• [Entries supplied]:
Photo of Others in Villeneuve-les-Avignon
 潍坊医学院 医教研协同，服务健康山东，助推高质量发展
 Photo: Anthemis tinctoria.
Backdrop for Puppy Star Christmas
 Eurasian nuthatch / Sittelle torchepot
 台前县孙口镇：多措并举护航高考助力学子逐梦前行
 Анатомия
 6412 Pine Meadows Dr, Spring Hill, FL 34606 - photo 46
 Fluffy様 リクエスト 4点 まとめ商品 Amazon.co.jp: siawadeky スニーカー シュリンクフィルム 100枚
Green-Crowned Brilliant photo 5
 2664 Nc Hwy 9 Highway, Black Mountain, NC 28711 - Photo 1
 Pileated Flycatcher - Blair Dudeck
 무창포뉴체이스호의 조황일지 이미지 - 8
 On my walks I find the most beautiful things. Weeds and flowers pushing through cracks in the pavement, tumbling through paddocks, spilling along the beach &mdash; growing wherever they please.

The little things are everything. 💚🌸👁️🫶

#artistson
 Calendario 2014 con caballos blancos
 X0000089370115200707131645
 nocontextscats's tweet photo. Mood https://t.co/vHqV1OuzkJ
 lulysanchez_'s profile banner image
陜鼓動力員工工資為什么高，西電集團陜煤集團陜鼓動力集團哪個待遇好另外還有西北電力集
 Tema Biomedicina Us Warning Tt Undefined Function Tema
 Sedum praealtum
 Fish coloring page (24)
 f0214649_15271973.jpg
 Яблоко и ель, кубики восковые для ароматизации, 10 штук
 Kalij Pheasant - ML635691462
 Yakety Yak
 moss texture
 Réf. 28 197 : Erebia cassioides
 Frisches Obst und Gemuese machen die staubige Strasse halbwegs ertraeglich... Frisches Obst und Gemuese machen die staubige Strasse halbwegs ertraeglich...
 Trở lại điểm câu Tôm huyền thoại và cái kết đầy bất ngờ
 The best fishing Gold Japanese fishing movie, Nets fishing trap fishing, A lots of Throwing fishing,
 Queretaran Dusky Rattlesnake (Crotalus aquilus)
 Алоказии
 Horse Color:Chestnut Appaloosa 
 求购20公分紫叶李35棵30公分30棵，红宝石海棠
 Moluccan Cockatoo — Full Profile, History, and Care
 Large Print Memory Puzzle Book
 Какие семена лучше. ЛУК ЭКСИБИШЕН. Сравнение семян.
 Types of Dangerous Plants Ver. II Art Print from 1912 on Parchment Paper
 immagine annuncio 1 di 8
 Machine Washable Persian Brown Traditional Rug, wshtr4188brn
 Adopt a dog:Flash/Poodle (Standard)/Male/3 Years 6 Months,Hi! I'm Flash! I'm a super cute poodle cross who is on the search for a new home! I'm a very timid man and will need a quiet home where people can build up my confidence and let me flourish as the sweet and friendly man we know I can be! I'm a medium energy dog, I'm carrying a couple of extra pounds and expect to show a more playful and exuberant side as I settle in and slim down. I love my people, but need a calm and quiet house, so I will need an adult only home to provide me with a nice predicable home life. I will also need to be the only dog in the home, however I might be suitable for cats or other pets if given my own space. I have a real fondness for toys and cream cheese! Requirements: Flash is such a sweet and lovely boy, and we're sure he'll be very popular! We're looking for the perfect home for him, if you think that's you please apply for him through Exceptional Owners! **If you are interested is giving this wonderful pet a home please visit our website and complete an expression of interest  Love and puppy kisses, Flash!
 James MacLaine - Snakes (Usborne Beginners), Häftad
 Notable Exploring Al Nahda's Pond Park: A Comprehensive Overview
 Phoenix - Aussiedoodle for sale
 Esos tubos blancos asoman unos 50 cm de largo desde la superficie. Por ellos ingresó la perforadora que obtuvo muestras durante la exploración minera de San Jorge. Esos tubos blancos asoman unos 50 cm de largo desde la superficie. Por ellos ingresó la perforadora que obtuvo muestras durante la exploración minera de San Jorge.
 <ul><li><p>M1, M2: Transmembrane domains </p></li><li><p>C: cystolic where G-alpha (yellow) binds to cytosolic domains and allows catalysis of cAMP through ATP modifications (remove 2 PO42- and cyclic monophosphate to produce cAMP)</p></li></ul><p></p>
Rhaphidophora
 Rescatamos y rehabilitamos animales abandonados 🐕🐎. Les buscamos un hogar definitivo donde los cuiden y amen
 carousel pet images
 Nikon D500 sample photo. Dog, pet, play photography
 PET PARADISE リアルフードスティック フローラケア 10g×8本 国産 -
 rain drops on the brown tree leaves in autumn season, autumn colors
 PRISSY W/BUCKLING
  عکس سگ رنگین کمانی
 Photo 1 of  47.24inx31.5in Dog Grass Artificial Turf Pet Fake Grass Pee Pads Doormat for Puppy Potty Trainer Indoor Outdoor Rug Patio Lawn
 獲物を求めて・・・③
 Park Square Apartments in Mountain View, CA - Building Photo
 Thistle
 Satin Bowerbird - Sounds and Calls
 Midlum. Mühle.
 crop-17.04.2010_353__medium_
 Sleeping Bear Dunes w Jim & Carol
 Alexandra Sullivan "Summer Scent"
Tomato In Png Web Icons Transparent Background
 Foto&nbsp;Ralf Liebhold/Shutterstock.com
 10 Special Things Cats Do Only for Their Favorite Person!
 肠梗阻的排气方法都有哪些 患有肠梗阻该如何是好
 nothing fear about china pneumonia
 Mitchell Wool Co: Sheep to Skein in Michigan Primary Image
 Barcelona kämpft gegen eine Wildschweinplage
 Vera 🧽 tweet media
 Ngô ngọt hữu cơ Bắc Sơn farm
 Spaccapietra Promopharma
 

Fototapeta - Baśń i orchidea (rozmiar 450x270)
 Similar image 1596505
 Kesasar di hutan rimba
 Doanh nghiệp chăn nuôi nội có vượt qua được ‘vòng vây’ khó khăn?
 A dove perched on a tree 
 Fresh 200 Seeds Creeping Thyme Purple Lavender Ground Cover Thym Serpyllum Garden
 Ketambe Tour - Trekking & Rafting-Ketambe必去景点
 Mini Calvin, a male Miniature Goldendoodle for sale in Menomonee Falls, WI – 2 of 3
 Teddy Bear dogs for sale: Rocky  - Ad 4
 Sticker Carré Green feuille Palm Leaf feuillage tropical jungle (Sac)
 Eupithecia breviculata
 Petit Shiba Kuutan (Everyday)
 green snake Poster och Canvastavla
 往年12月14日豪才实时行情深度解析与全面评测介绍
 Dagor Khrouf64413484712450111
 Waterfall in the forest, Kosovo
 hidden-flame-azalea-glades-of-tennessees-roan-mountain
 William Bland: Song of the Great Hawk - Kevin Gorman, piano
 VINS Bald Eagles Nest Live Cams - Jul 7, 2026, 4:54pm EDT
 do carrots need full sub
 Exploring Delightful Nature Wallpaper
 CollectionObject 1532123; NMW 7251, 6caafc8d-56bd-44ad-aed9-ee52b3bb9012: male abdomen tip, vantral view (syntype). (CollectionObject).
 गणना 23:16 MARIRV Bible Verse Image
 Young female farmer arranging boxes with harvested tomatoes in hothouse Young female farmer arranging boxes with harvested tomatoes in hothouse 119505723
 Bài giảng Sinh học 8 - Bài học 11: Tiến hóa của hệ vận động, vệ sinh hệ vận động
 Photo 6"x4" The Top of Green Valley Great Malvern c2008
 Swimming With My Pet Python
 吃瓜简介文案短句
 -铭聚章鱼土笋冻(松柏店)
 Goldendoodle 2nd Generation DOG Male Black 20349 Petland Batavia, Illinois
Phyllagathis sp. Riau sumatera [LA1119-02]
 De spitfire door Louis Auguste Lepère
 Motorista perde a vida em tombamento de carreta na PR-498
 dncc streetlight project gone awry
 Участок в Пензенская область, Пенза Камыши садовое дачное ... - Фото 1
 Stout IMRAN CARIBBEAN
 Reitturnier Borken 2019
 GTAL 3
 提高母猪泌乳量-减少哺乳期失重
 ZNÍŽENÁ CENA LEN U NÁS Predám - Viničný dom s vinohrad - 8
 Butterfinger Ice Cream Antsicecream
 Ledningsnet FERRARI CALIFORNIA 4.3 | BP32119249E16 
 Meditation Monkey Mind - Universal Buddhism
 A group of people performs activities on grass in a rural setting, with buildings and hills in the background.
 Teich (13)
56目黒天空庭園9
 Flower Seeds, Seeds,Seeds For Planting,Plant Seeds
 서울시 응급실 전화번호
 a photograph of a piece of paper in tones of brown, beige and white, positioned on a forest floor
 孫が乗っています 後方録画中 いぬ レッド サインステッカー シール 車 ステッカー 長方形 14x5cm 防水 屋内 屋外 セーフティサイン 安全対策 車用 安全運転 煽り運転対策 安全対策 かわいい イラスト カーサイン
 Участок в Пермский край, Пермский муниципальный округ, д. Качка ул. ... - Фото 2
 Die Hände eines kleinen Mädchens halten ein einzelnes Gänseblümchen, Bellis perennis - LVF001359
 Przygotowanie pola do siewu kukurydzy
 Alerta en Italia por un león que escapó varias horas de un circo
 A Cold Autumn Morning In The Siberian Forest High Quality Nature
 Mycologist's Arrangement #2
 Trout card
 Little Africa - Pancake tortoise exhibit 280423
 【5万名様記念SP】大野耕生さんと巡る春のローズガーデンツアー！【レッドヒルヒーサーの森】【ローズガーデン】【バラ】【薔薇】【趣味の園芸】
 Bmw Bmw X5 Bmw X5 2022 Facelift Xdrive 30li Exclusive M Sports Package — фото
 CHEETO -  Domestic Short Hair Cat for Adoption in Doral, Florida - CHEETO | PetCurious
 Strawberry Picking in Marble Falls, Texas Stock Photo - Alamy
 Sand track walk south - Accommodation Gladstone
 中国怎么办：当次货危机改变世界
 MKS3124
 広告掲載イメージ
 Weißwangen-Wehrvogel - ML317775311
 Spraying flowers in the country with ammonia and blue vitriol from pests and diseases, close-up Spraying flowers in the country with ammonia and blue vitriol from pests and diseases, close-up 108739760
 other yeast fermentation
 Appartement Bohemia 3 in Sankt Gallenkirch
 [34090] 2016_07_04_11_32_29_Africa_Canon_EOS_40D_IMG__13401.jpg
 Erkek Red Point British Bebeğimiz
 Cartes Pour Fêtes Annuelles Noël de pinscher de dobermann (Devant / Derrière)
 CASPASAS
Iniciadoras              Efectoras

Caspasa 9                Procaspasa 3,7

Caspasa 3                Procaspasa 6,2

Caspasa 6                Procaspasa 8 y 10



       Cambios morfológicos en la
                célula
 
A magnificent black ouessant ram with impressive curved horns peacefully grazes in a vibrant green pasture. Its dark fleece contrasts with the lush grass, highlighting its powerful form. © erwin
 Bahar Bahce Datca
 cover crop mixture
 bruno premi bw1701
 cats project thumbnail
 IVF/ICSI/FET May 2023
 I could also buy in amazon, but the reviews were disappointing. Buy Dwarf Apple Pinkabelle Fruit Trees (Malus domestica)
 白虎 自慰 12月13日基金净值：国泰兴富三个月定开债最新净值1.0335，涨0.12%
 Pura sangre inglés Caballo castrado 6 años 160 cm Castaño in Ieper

• [Assigned task]: Send back exactly, with nothing added, the lines from the first line of the material above through the line holding "moss texture"; both ends are included.

• [Response area]:
Photo of Others in Villeneuve-les-Avignon
 潍坊医学院 医教研协同，服务健康山东，助推高质量发展
 Photo: Anthemis tinctoria.
Backdrop for Puppy Star Christmas
 Eurasian nuthatch / Sittelle torchepot
 台前县孙口镇：多措并举护航高考助力学子逐梦前行
 Анатомия
 6412 Pine Meadows Dr, Spring Hill, FL 34606 - photo 46
 Fluffy様 リクエスト 4点 まとめ商品 Amazon.co.jp: siawadeky スニーカー シュリンクフィルム 100枚
Green-Crowned Brilliant photo 5
 2664 Nc Hwy 9 Highway, Black Mountain, NC 28711 - Photo 1
 Pileated Flycatcher - Blair Dudeck
 무창포뉴체이스호의 조황일지 이미지 - 8
 On my walks I find the most beautiful things. Weeds and flowers pushing through cracks in the pavement, tumbling through paddocks, spilling along the beach &mdash; growing wherever they please.

The little things are everything. 💚🌸👁️🫶

#artistson
 Calendario 2014 con caballos blancos
 X0000089370115200707131645
 nocontextscats's tweet photo. Mood https://t.co/vHqV1OuzkJ
 lulysanchez_'s profile banner image
陜鼓動力員工工資為什么高，西電集團陜煤集團陜鼓動力集團哪個待遇好另外還有西北電力集
 Tema Biomedicina Us Warning Tt Undefined Function Tema
 Sedum praealtum
 Fish coloring page (24)
 f0214649_15271973.jpg
 Яблоко и ель, кубики восковые для ароматизации, 10 штук
 Kalij Pheasant - ML635691462
 Yakety Yak
 moss texture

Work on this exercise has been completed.